ASSIGNMENT
The reply should consist solely of the lines from the one with "Palmako | Jari" through the final line of the listing, copied exactly, with no pictures.

MATERIAL PROVIDED

☆ ☆ ☆

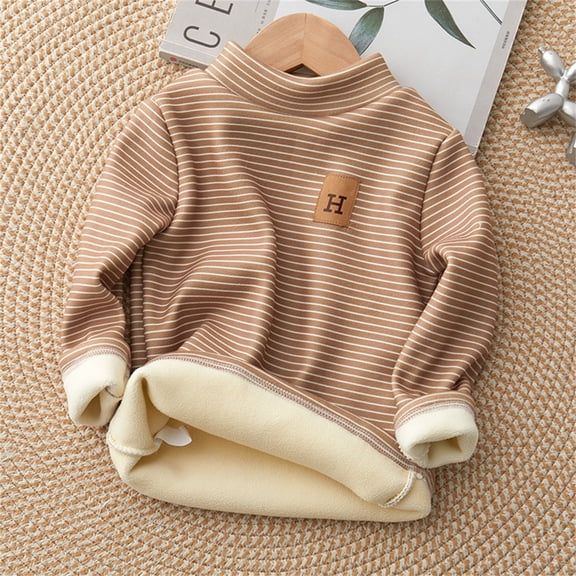Huowey Boys Girls Winter Warm Shirts Thick Lined Long Sleeve Solid Color Shirts High Collar Soft Tops T-Shirt Unisex Teens Pullover Sweatshirt,Coffee,6-7 Years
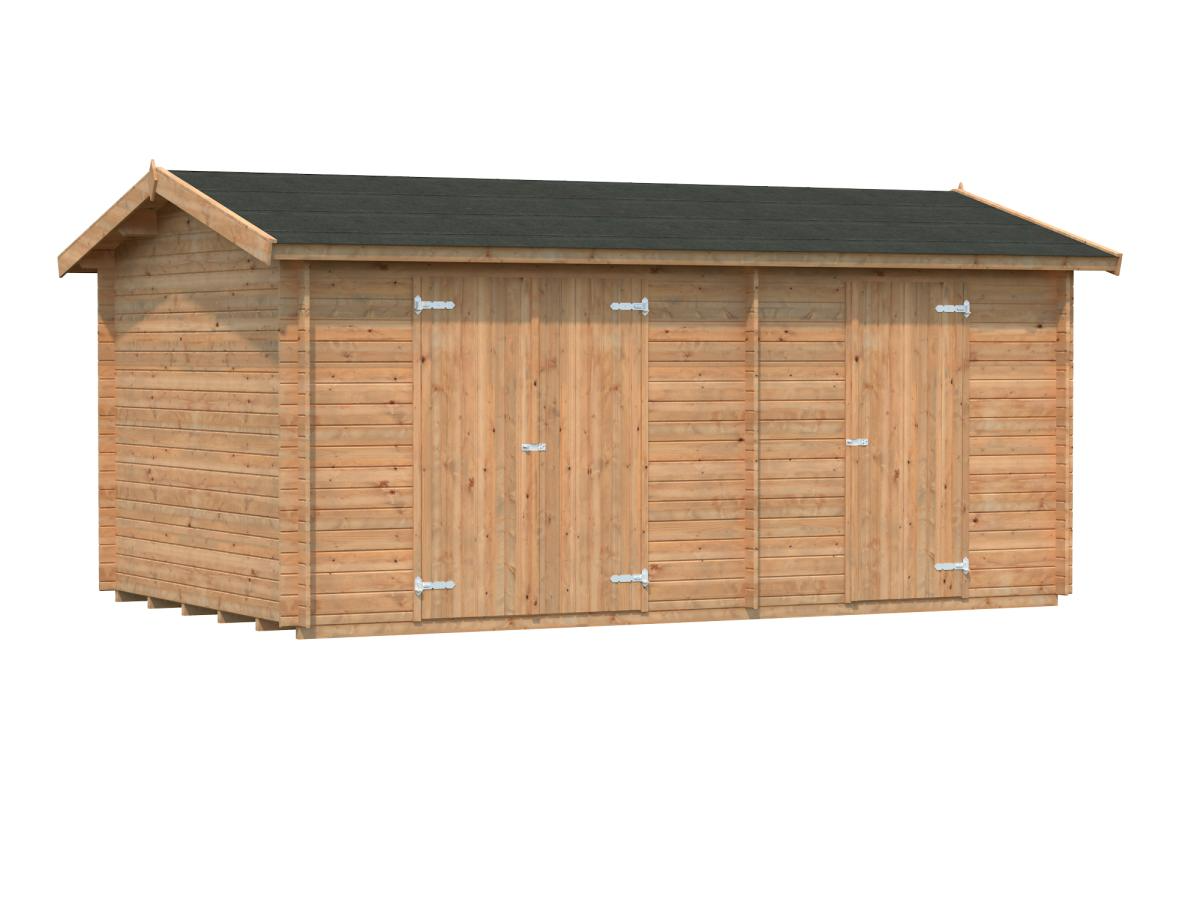 Palmako | Jari L (17′1″ × 10′6″ | 156.1 sq.ft. | 1.1″) Two Room Timber Log Shed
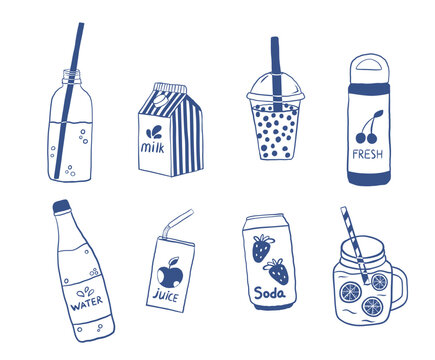 Various drinks set. A collection of water, milk, matcha lattes, juices, and other beverages in plastic cups plastic cups and bottles, paper mugs, Tetra Pak containers, and glasses..Minimal line style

☆ ☆ ☆

FINISHED EXERCISE
 Palmako | Jari L (17′1″ × 10′6″ | 156.1 sq.ft. | 1.1″) Two Room Timber Log Shed
 Various drinks set. A collection of water, milk, matcha lattes, juices, and other beverages in plastic cups plastic cups and bottles, paper mugs, Tetra Pak containers, and glasses..Minimal line style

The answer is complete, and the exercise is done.